Su pintura es intensa en color y luz. “Busco el alma en ca-da uno de los espacios que me rodean y es mi deseo mantenerlos tal cual se presentan, me ubico en la luminosidad que emana del color y escojo los personajes, los elementos que viven en ese ambiente y los devuelvo a su espacio”, dice gesticulando con los dos brazos en un envolvente círculo que se arremolina hasta volver a ella. El grado de pertenencia espacio-tiempo, revierte el aislamiento que prefiere en su atelier, para integrarse al público que la requiere en la sala.
Son en total 45 las obras exhibidas y todas recientes, del año 2009 y la mitad del 2010 que se va cumpliendo. Oleos y acuarelas, mucho paisaje y el estilo particular de “Chela” que apuesta a los camalotales y humedales, a los animales y las flores pero también a las personas. “Pinto a la mañana con la luz natural del día y a la siesta; me encanta la siesta y su silencio, algún duende se debe acercar a mis pinceles para entonces, porque es la hora de mayor concentración. Un poco de música clásica o algo de jazz, la música del chamamé me apasiona pero para disfrutarla en vivo”, agrega.
En esa soledad acompañada, la mística describe el infinito hacia lo terreno y la obra se revela. “La casa del lapacho”; “El molino”; “Cruzando el camalotal”, son algunas visiones de la artista, que posiciona el paisaje en primer plano.
“Viajo mucho y miro más. Saco apuntes mentales y después los recreo. Aunque están todos visualizados, hago una composición previa, sin recurrir a la fotografía. La foto te condiciona a un enfoque diferente, nada como el ojo humano”, señala.

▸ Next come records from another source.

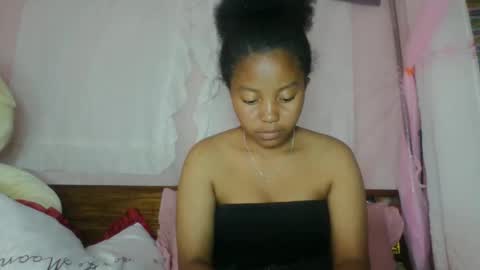 Snapshot of khaissa chatting on 04/25/26, 10:51 khaissa online show from 04/25/26, 10:51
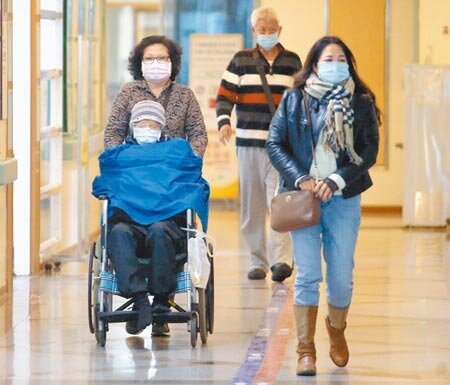 部立桃園醫院院內群聚感染擴大,指揮官陳時中昨宣布執行醫院清空計畫。圖為少數民眾19日仍前往看診。(范揚光攝)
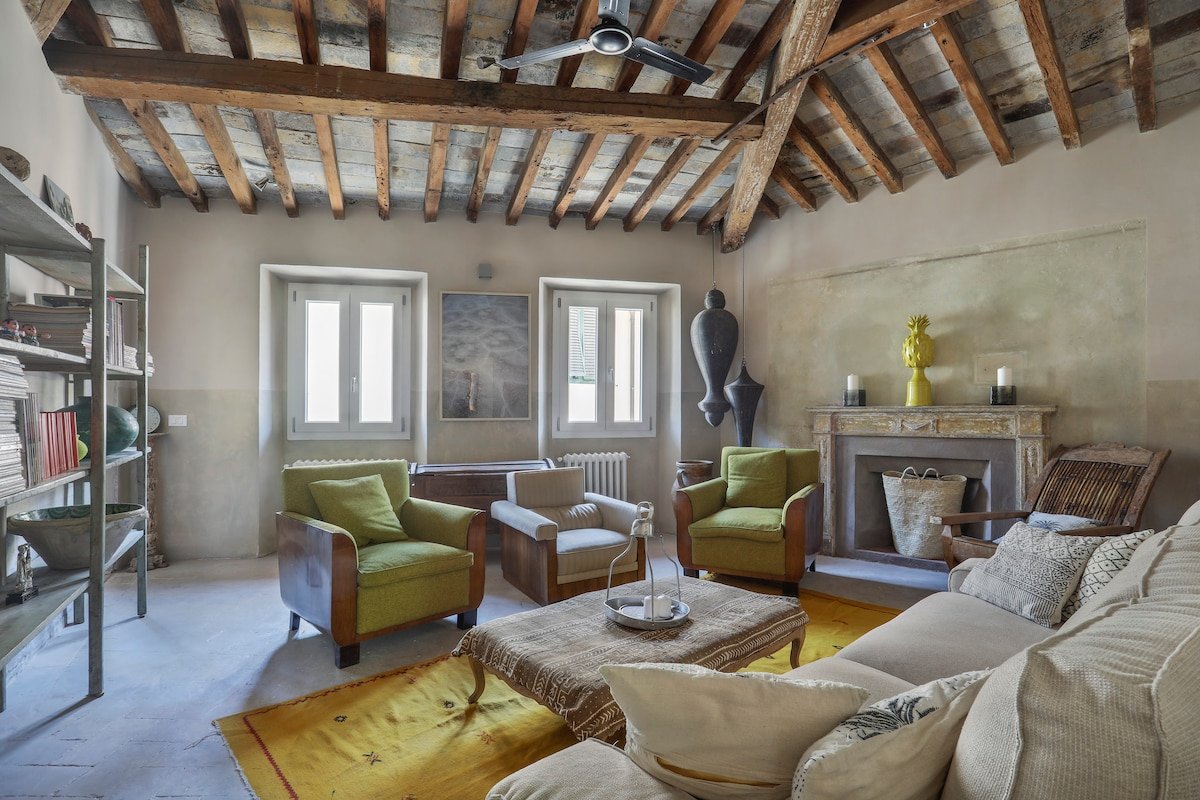 Green Rooftop Terrace Florence Historical Center gallery image 2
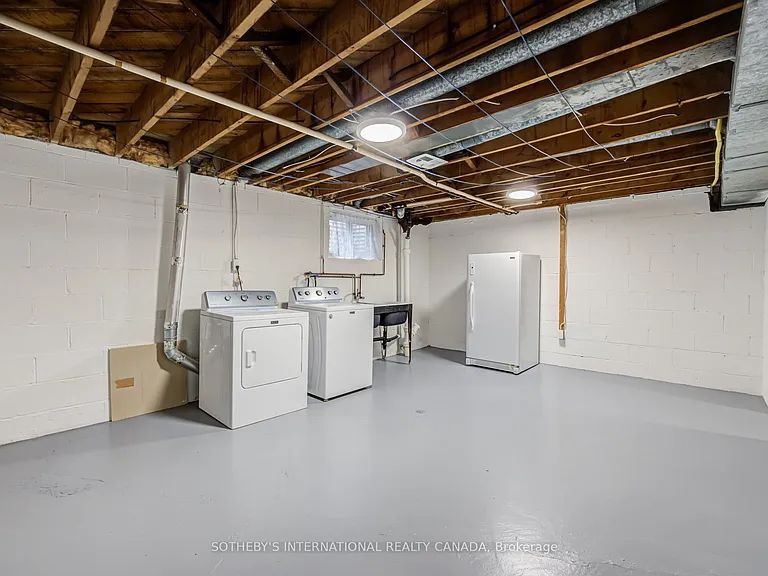 25 Abinger Cres — Photo 34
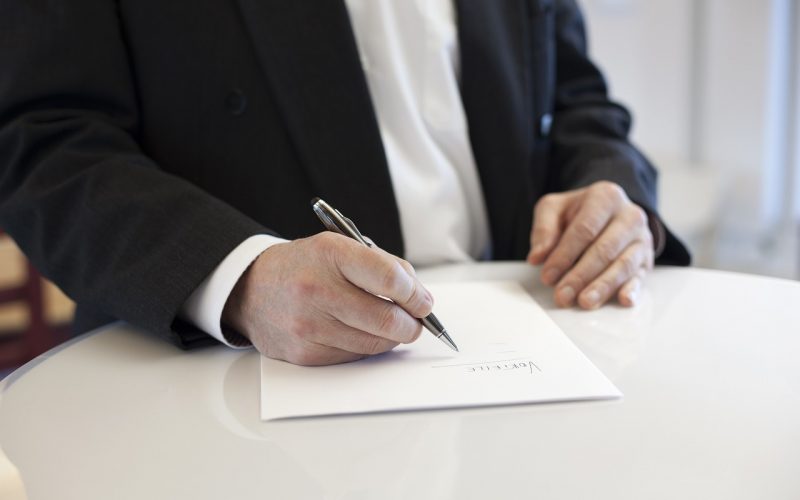 Pixabay-firma-2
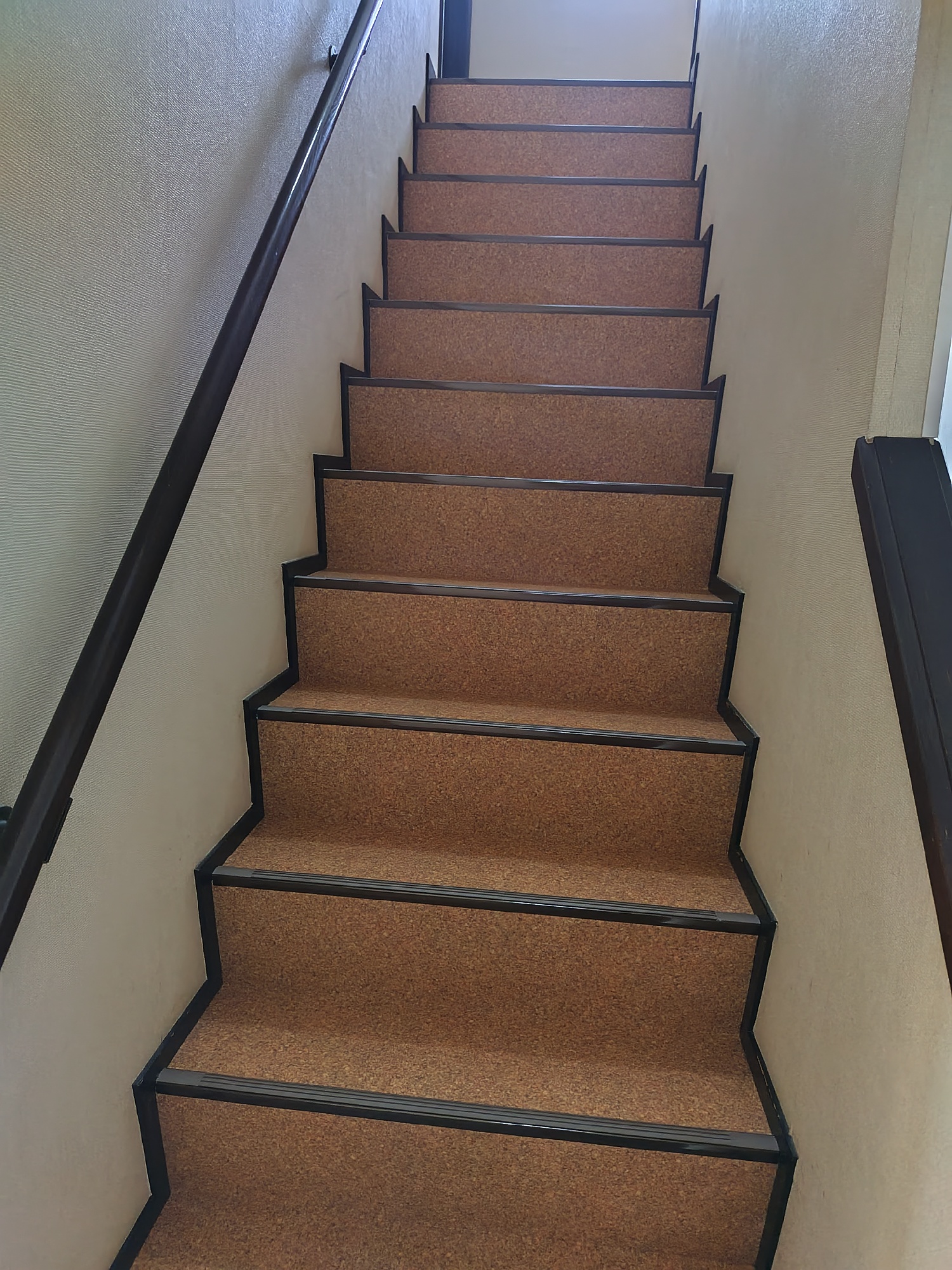階段カーペット＆ノンスリップ貼替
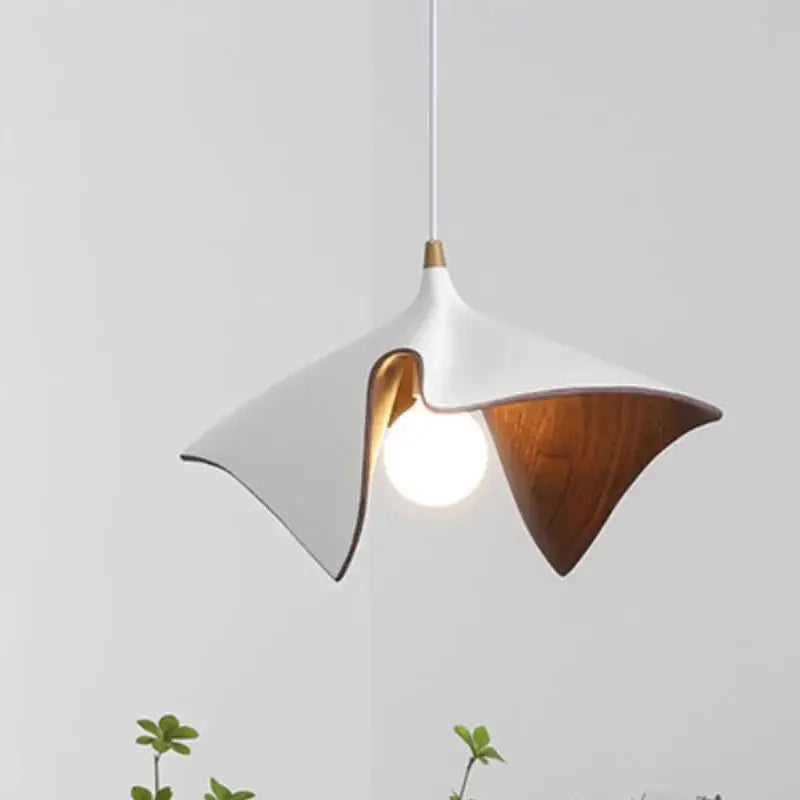 Suspension luminaire contemporaine avec finition bois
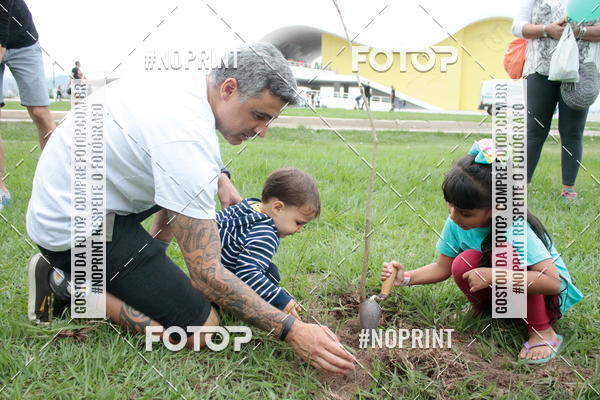 Buy your photos of the eventMeia Maratona de Niter�i- Kids Run on Fotop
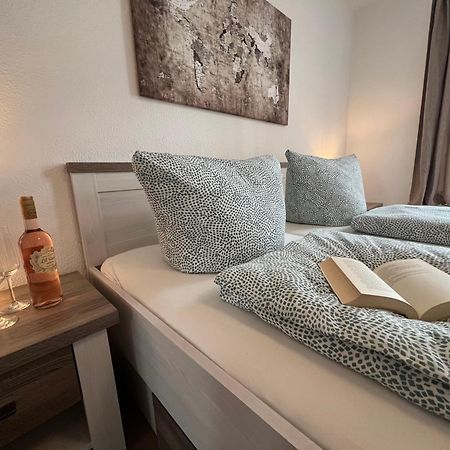 Ferienwohnung Hansezauber In Staedtische Bestlage シュトラールズント エクステリア 写真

“Amo la naturaleza y quiero que se enamoren de ella a través de mi obra; la fuerza que está en ella, es el mensaje que extiendo junto con mi más genuina expresión”. Diplomada en el Instituto Superior de Bellas Artes e Idiomas “Josefina Contte”, Elsa Elena Gómez Morilla lleva realizadas más de doscientas exposiciones individuales y colectivas. Fue premiada en seis décadas y sus obras aparecen en registros de arte de todo el mundo. Su nombre se lee en libros y su transferencia cultural la ha dado como docente, colega y alumna. “Uno nunca termina de aprender y la continuidad hace a la magia”, agrega.
“La acuarela requiere más aislamiento, es como entrar a un templo de cristal sabiendo que todo es frágil; la misma técnica impone esa eteridad y la concentración con mayor exigencia; el óleo me concede más libertad, una devolución diferente hacia la tela que también tiene sus reclamos, pero ambos me dan felicidad, me completan”, tal define.
Con el abrigo sobre los hombros, Chelita despide a las visitas que desfilan por la sala interesadas en su colección. Afuera es otoño y tras las puertas entornadas, queda agazapada la primavera del color.